TAMPA, Fla. — U.S. District Judge James D. Whittemore sentenced Russell B. Simmons Jr. yesterday to 15 years in federal prison for defrauding the Internal Revenue Service and for aggravated identity theft.
The court also ordered Simmons to forfeit a 2005 Bentley, more than $100,000 in jewelry, $25,000 cash and more than $118,000 worth of fraudulently obtained tax refunds, which are traceable proceeds of the offense. Simmons pleaded guilty to one count of wire fraud and one count of aggravated identity theft on Dec. 11, 2012.
According to court documents, starting in the summer of 2011, investigators learned that Simmons was engaging in tax fraud at his business, Simmons Auto Sales. Simmons was selling vehicles in exchange for United States Treasury checks obtained from the filing of fraudulent federal income tax returns. The fraudulently obtained Treasury checks that Simmons received were for a much higher value than the sales price of the vehicles sold.
Simmons negotiated the checks and laundered the proceeds through his business accounts. The investigation also revealed that Simmons filed fraudulent tax returns from his computer located at his business, and maintained a ledger that contained numerous personal identifiers associated with the fraudulent filings.
On or about July 28, 2011, surveillance video captured Simmons using a pre-paid debit card at a Wal-Mart. Simmons used the card to conduct a transaction totaling about $2,050, including the purchase of four $500 money orders. Investigators learned that on or about July 22, 2011, a tax refund close to $10,000 was loaded onto the card. Simmons was also captured on video on or about July 27, 2011, using the same card to withdraw cash at an ATM in Gibsonton, Fla.

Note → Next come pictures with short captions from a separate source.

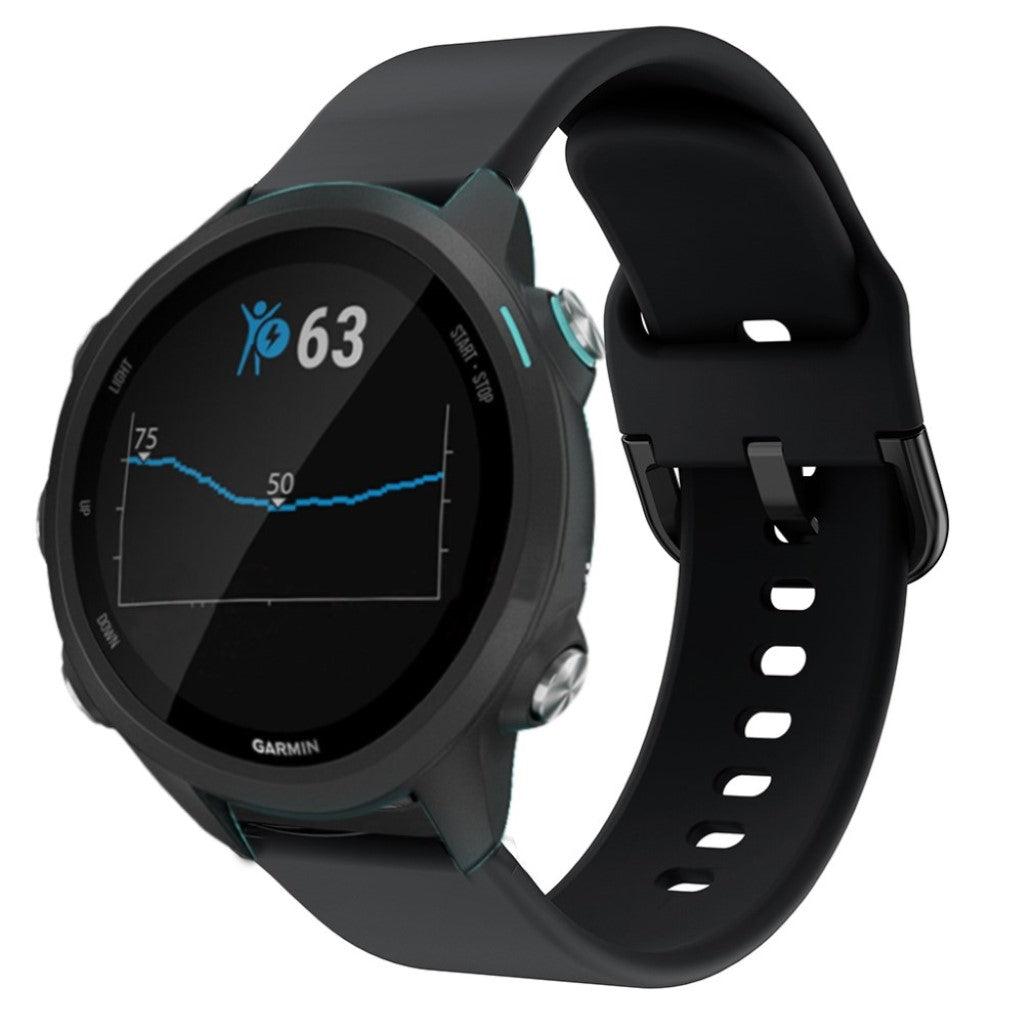 Rigtigt nydelig Garmin Forerunner 245 Silikone Rem - Sort#serie_1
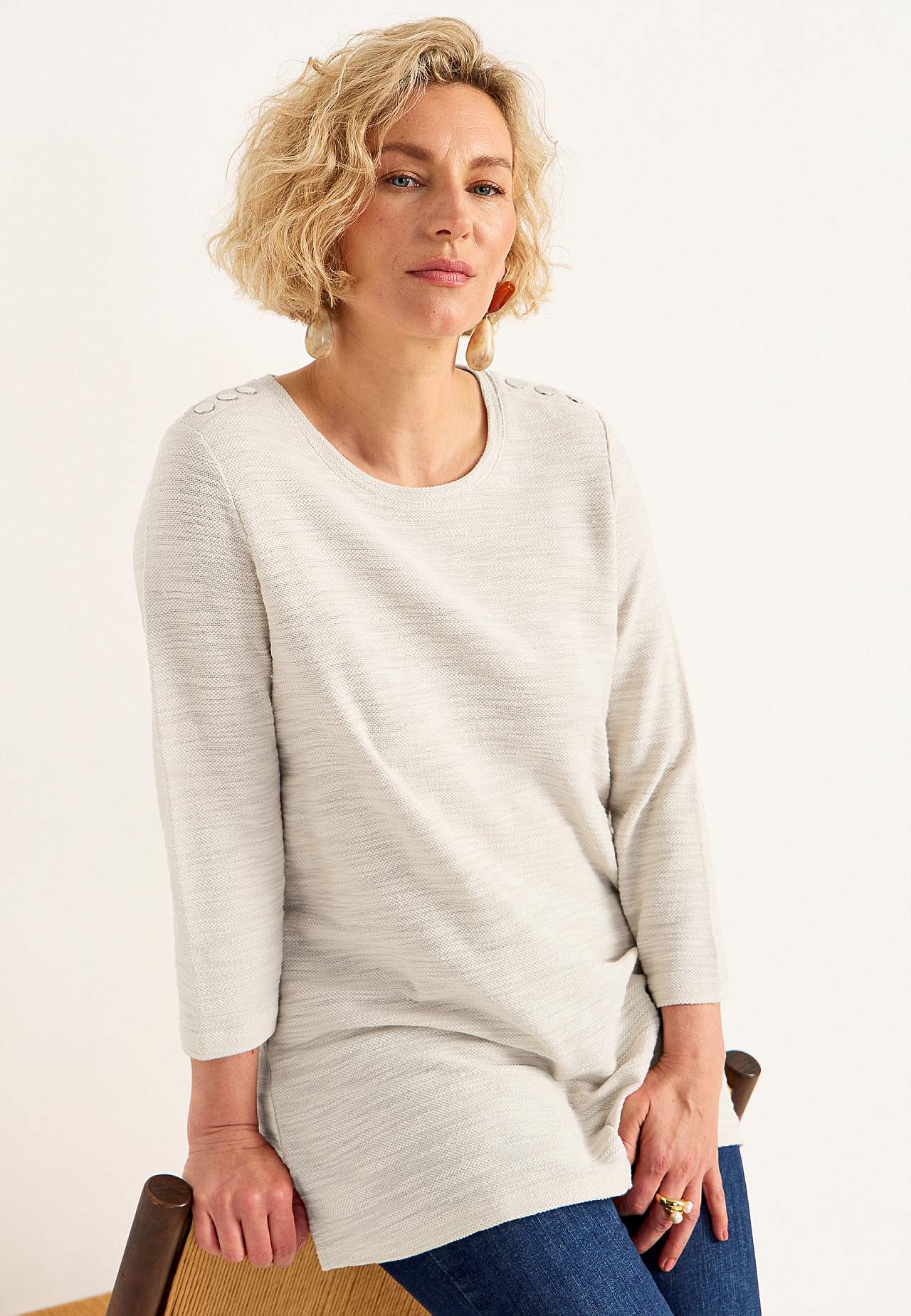 Jersey tuniek met structuur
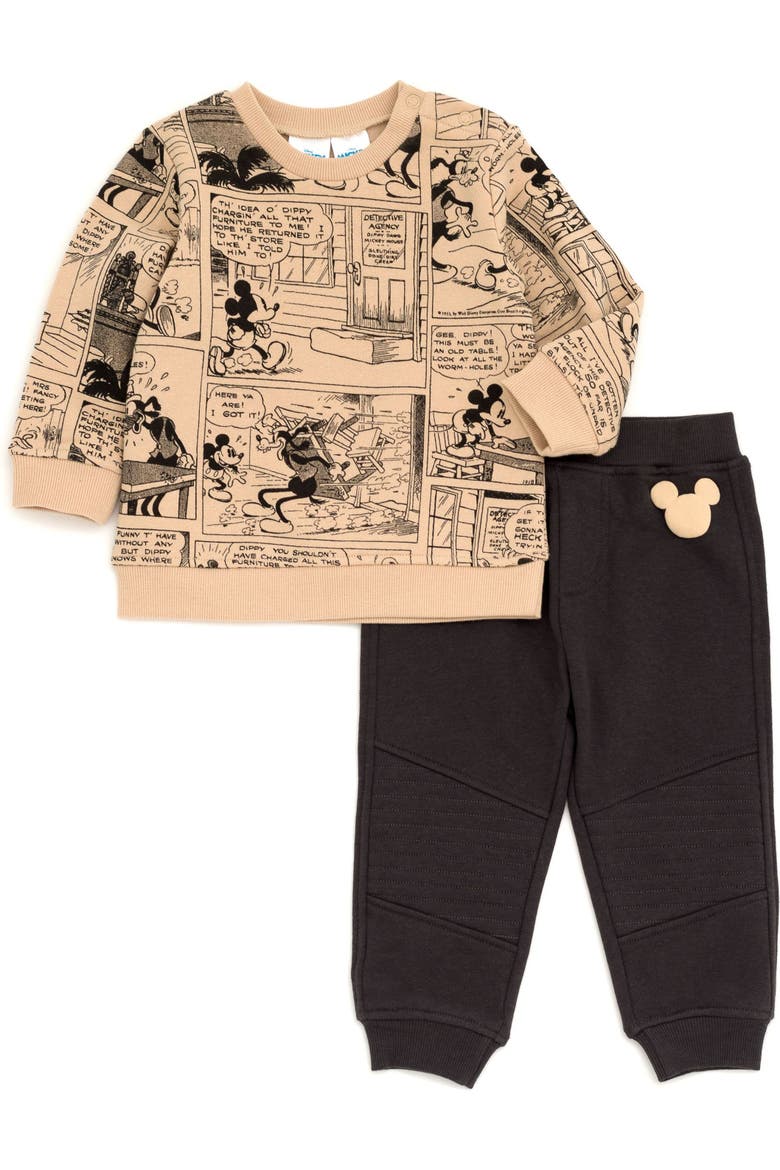 Mickey Mouse Fleece 2-Piece Sweatshirt and Pants Set, Main, color, Charcoal Mickey Mouse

On or about Aug. 7, 2011, Simmons was captured on video at a Wal-Mart store in Brandon, Fla. He made a total purchase of $11,500, including 21 $500 money orders and two $400 money orders. He also withdrew $200 in cash. Simmons utilized seven different debit cards. Each of the seven pre-paid debit cards were loaded with funds derived from the filing of fraudulent tax returns in names other than Simmons'.
The fraudulently obtained tax refunds loaded onto cards totaled more than $76,000. The money orders from Wal-Mart were paid for with debit cards that were loaded with fraudulent tax refunds. When Simmons negotiated the money orders at the bank, he made them payable to Simmons Auto Sales and endorsed them with his name.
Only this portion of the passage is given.